Incorrectly parsing OCMDs leads to incomplete renderings of the page #1172

ffc01 · 2021-04-20T13:02:44Z

ffc01
Apr 20, 2021

Please provide all mandatory information!

Describe the bug (mandatory)

PyMuPDF is not extracting all the text that is on the pdf. There are parts that won't be recogized nor extracted. I have already checked if the not recoginzable text in the pdf is just a picture or something else other than a text but I came to the conclusion that the part that won't get extracted is a text because I can copy the text from the part and paste it when I open the pdf with a pdf-reader. The text/objects of that part are shown in Foxit-reader/Acrobat-Reader DC but not recoginzed by mupdf.

To Reproduce (mandatory)

I have executed this code:

import fitz

pdf_document = "mypdf.pdf"
doc = fitz.open(pdf_document)

page1 = doc.loadPage(0)

page1text = page1.getText("text", flags=0)

print(page1text)

(If you need the pdf and/or the output please tell me so i can send it to you via email or dm)
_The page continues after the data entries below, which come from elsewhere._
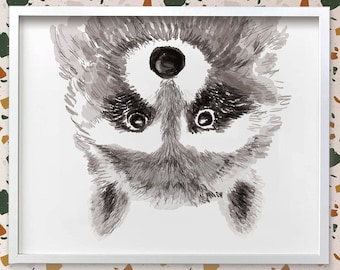 Raccoon Print - Baby Nursery Art - Watercolor Painting - Fun Raccoon Art - Kids Wall Art - Woodland Nursery - Raccoon Art - Woodland Animal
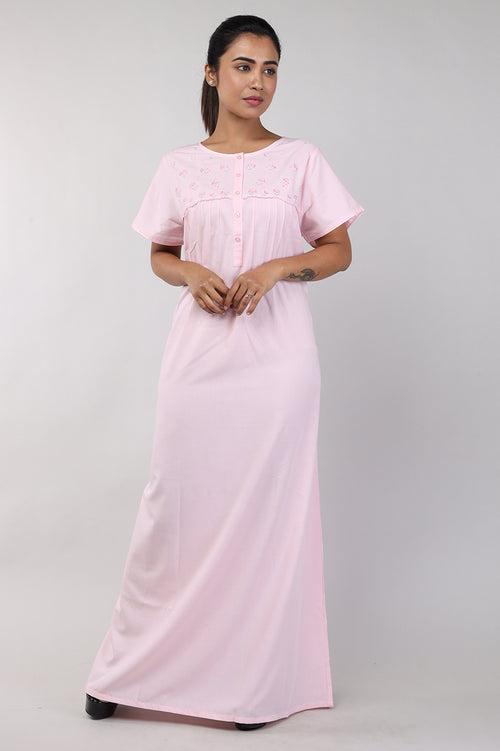 Women Pink Plain Bizzy Lizzy Cotton Nighty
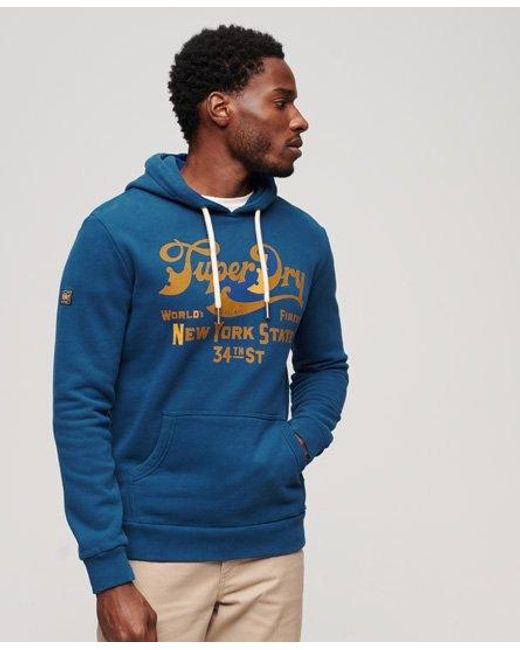 Superdry Blue 34th Street Script Hoodie for men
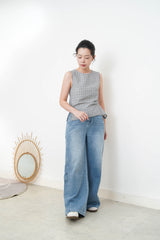 Navy checked vest w/ waist pleats details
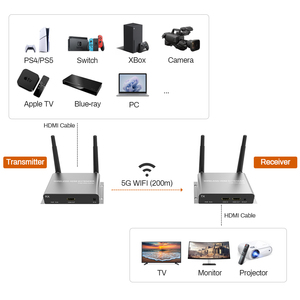 Kit de transmisor y receptor extensor inalámbrico HDMI de fábrica verificada 200M 4K HDMI Sem Fio Max 1X4 HDMI Sans Fil 4K - Product Image 3
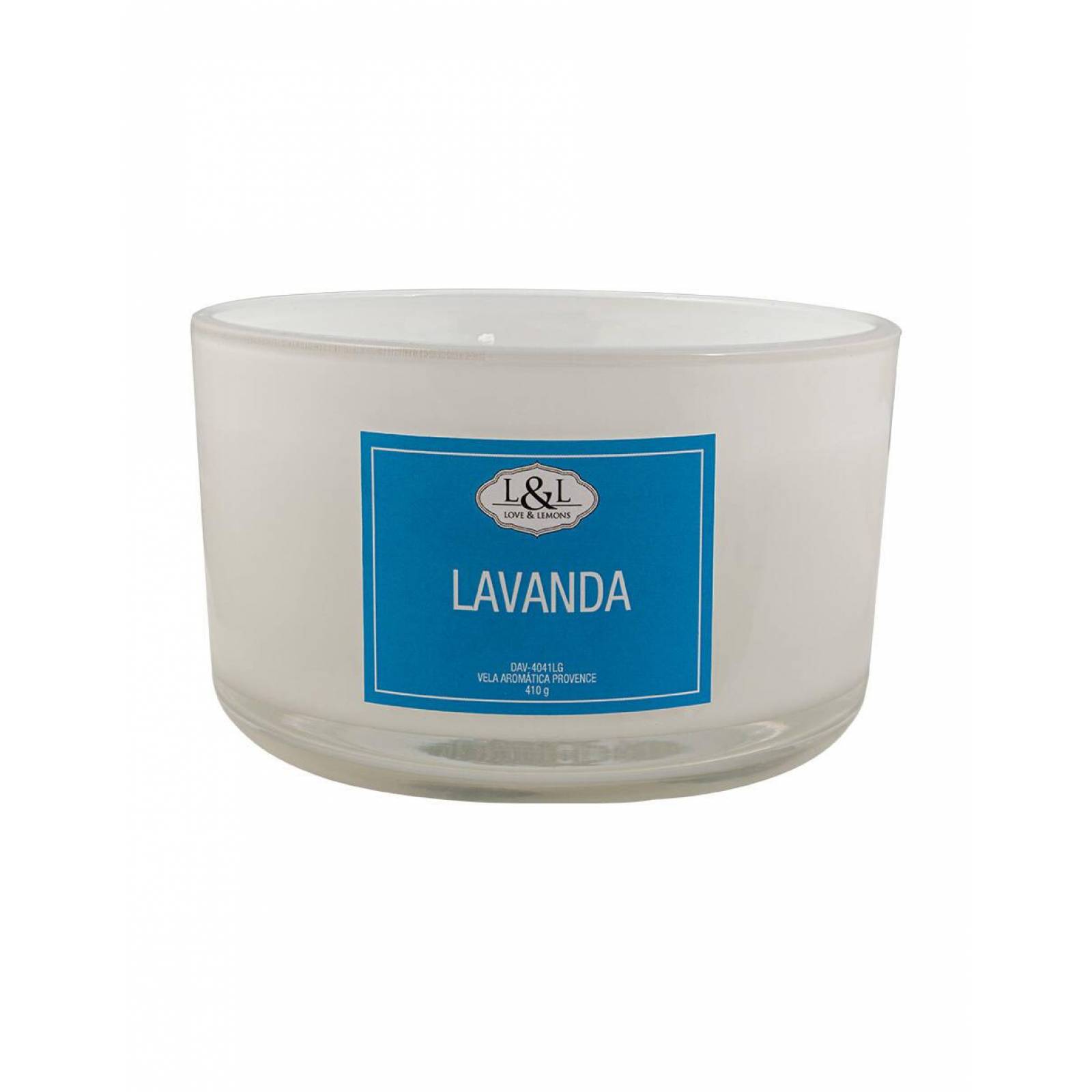 Vela Aromática Provence Love & Lemons DAV-4041LG Lavanda en Tarro de Cristal Grande Blanco 410g 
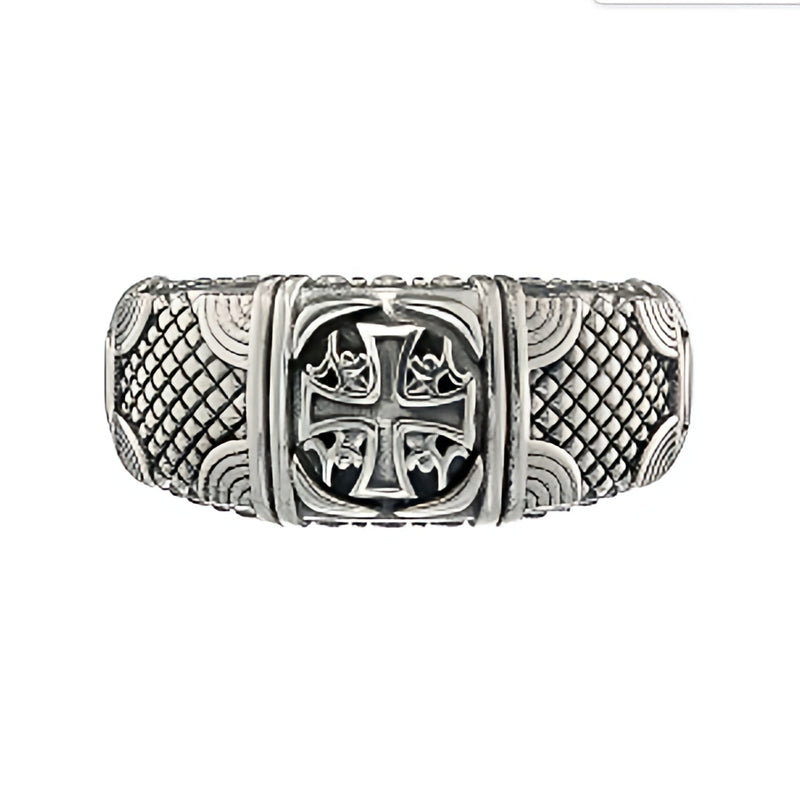 Alexander Cross Woven Crest Ring - Sterling Silver - Cigar Band Ring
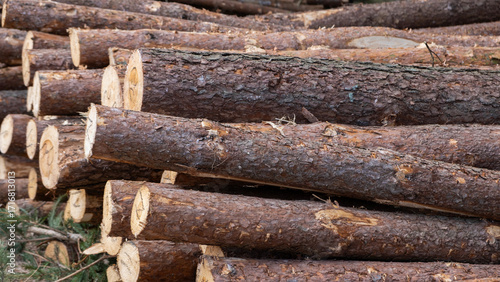  Wooden Logs with Forest on Background, birch tree logs close-up. Environmental damage, ecological issues, ecology, nature, wood, deforestation, alternative energy, lumber industry.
Expected behavior (optional)

All the text should have been extracted. But only a part of the pdf gets extracted (see screenshot below).

Screenshots (optional)

An example on what gets recognized/extracted (red box) in the pdf and the part that is not getting extracted/recoginzed/shown by mupdf (I can not publish the pdf):

Your configuration (mandatory)

PyMuPDF 1.18.12: Python bindings for the MuPDF 1.18.0 library.
Version date: 2021-04-10 04:00:00.
Built for Python 3.8 on win32 (64-bit).

Additional context (optional)

I am not exactly sure why this is happening but I would guess that it could be because the text got defined on the wrong part in the pdf so the pdf has some issues?

Thanks in advance

JorjMcKie · 2021-04-20T13:16:29Z

JorjMcKie
Apr 20, 2021
Maintainer

Cannot accept this as a bug, because:

Cannot reproduce w/o the file.
What did you do to ensure the blue part really is extractable text at all, and not e.g. an image? Do e.g. viewers like Adobe offer this part as selectable with the mouse?

0 replies

ffc01 · 2021-04-20T13:39:48Z

ffc01
Apr 20, 2021
Author

Thank you for your reply.

To 1: Please tell me a way how I can send you the file (e. g. via email or dm) as I can not make it public (for privacy reasons).
To 2: Yes, the text is selectable (and copyable e. g. I have checked if i could paste the copied text into a text file).

0 replies

JorjMcKie · 2021-04-20T13:44:11Z

JorjMcKie
Apr 20, 2021
Maintainer

Ok, then best use my e-mail address shown on the home page.

0 replies

JorjMcKie · 2021-04-22T08:06:37Z

JorjMcKie
Apr 22, 2021
Maintainer

I still have not received your PDF ... e-mail: [email protected]

0 replies

ffc01 · 2021-04-22T08:35:02Z

ffc01
Apr 22, 2021
Author

I have already sent it to you on 04-20-2021 15:52. Maybe it got filtered as spam?
I have just sent the pdf again.

0 replies

JorjMcKie · 2021-04-22T08:54:19Z

JorjMcKie
Apr 22, 2021
Maintainer

Ah, you are right - was treated as spam.
Thanks!

0 replies

JorjMcKie · 2021-04-22T10:20:56Z

JorjMcKie
Apr 22, 2021
Maintainer

Found the problem! Congratulations - you detected an upstream error!

Background:

The blue part of the page is the content of a so-called "Form XObject". The page does not show this content itself, but instead invokes the xobject to do this.
This xobject can be set ON or OFF via the Optional Content mechanisms: it is defined via its PDF key /OC.
In this case, /OC point to an /OCMD (optional content membership dictionary), which in turn points to one OCG (optional content group). The /OCMD object invoked by the xobject is defined so:

>>> print(doc.xref_object(36))
<<
  /OCGs 6 0 R
  /P /AllOn
  /Type /OCMD
>>
>>>

OCMD objects allow formulating complex logical conditions, under which something is shown or hidden. In this case, the logic is: "If all OCGs are ON, return ON."
As you can see, this is rather redundant here, because there is only one OCG: object xref 6 0 R. The PDF creator's intention could have been satisfied by directly using OCG 6 0 R in the form xobject's /OC key.

Now the problem:
The /OCGs key of an OCMD can be a dictionary (this case) or an array of dictionaries. MuPDF however, only takes the right decision, if this entry is an array, and ignores it otherwise.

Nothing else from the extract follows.